Mais dans un vrai débat public démocratique, cette contradiction pure, A et non-A affirmés ensemble, devrait être bannie, ou en tout cas rarement se rencontrer …
Or, ce qui se donne à voir en ce moment fait hélas présumer que la communication politique a rejoint sur ce plan la démarche publicitaire : de trop nombreux responsables, en effet, ne semblent plus craindre, ou même, se soucier de l’impression produite par des énoncés contradictoires dans leurs interventions ou dans leurs attitudes.
N’est-il pas contradictoire de siéger à l’Assemblée nationale après avoir été condamné pour violences conjugales et de se prévaloir, en même temps, du soutien des féministes ? N’est-il pas contradictoire de prétendre lutter contre l’oppression des femmes ou pour la diversité des genres et la liberté d’en changer, et de rechercher, en même temps, le vote de ceux-là mêmes dont la tradition culturelle et la religion combattent ces idées… N’est-il pas contradictoire de se prétendre républicain, alors qu’on refuse, en même temps et par avance, le jeu démocratique de la règle majoritaire, et surtout que l’on songe à utiliser d’autres méthodes que l’élection pour prendre le pouvoir ? N’est-il pas contradictoire de prétendre défendre les droits humains et d’avoir, en même temps, des comportements qui sont taxés d’antisémitisme et donc de racisme.
La présence d’une contradiction disqualifie un raisonnement…en principe
Dans une démocratie vigoureuse, la discussion politique, l’échange dialectique s’efforcent de mettre en lumière chez l’adversaire ses incohérences ou ses contradictions ; la présence d’une contradiction disqualifie, en effet, le discours ou la position argumentative qui la véhicule, au point de forcer le locuteur de bonne foi à en convenir et à renoncer à sa position.
Tel n’est plus le cas : aujourd’hui, les responsables politiques ne cherchent même plus à utiliser les procédés que la rhétorique mettait à leur disposition pour atténuer ou faire disparaître ces contradictions ou les incohérences de leur discours…Une telle capacité à assumer de pareilles contradictions constitue d’ailleurs ce que Sartre désigne sous le vocable de « mauvaise foi ».

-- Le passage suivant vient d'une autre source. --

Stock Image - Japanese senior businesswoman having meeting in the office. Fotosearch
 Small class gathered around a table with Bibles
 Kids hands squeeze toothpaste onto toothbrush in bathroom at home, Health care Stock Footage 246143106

Il semble donc que nous soyons entrés dans une de ces périodes historiques de glaciation de la raison où les mots utilisés dans la vie politique ont perdu leur sens, où le poids des idéologies, des parti-pris, des ambitions personnelles rend aveugle à l’incohérence. Pour flatter le peuple, les responsables se croient habilités à tout dire et son contraire, en même temps et dans le même moment, parce que cela ne semble plus avoir aucune importance. La corruption du langage et du débat public, l’amorphie devant la contradiction, la tolérance du corps social pour l’incohérence des discours qui lui sont présentés par les responsables politiques vont de pair, hélas, avec la corruption des institutions démocratiques autant qu’elles en sont le symptôme…
Dernier stade avant que la violence ne prenne possession de la ville…
*François Martineau – Petit traité d’argumentation judiciaire et de plaidoirie – 10e édition – Dalloz, décembre 2023.